About this exercise: Below are records with pictures in them. Output exactly the lines from the one with "Çelyabinsk bölgesi, Rusya" through the one with "Locale in affitto", both included, and leave every picture out; give only those lines.

(Crawled caption data)
━━━━━━━━━━━━━━━━━━━━━━━━━━━━━━

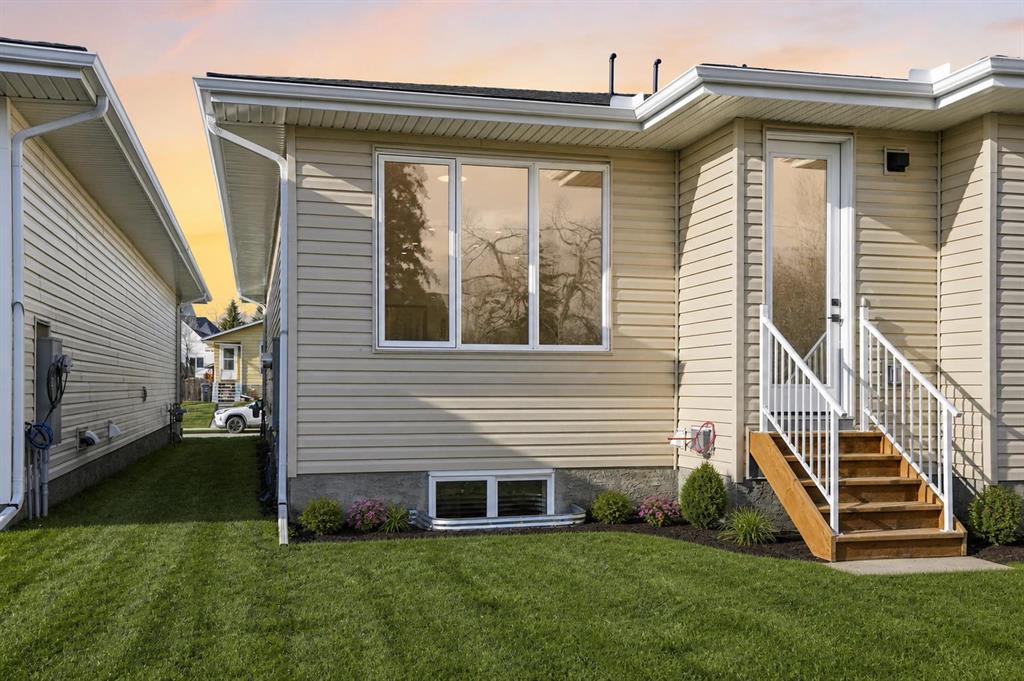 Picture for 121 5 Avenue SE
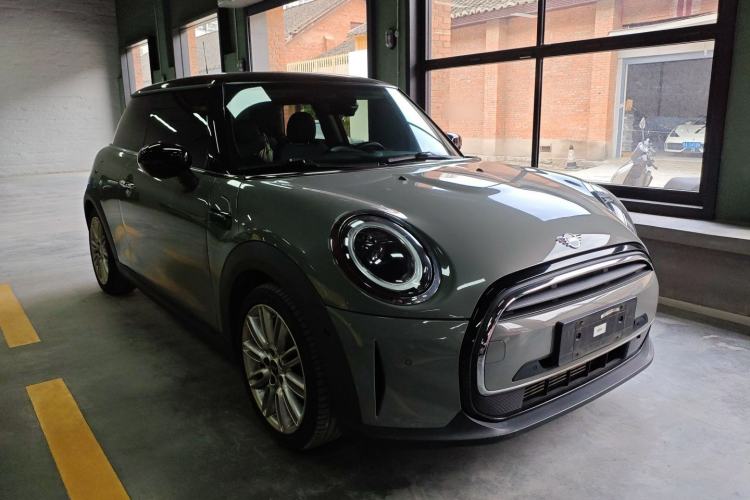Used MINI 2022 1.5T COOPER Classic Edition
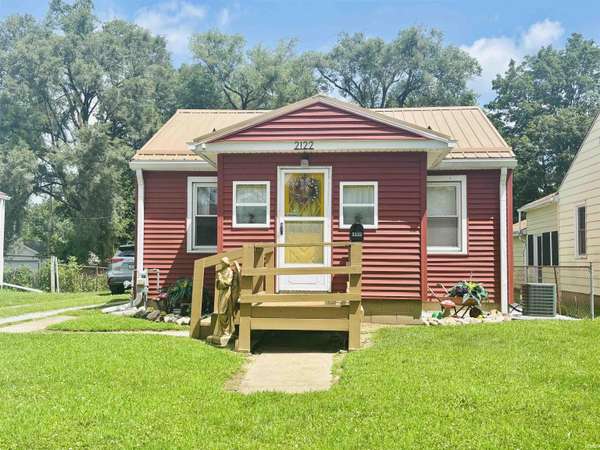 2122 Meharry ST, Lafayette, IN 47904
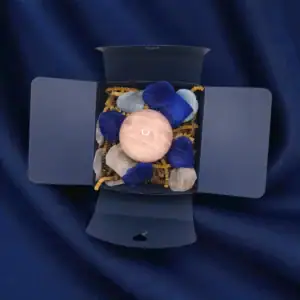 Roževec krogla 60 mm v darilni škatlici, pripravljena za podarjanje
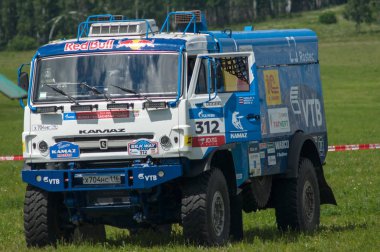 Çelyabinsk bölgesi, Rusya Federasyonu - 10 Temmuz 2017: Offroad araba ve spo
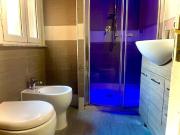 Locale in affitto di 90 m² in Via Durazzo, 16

━━━━━━━━━━━━━━━━━━━━━━━━━━━━━━

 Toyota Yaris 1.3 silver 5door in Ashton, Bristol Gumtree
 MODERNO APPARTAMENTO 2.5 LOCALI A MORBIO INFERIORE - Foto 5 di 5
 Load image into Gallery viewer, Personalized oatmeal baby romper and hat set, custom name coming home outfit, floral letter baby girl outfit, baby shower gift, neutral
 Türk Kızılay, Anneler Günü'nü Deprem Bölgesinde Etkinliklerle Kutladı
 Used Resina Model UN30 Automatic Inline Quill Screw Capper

━━━━━━━━━━━━━━━━━━━━━━━━━━━━━━

Your solution:
 Çelyabinsk bölgesi, Rusya Federasyonu - 10 Temmuz 2017: Offroad araba ve spo
 Locale in affitto di 90 m² in Via Durazzo, 16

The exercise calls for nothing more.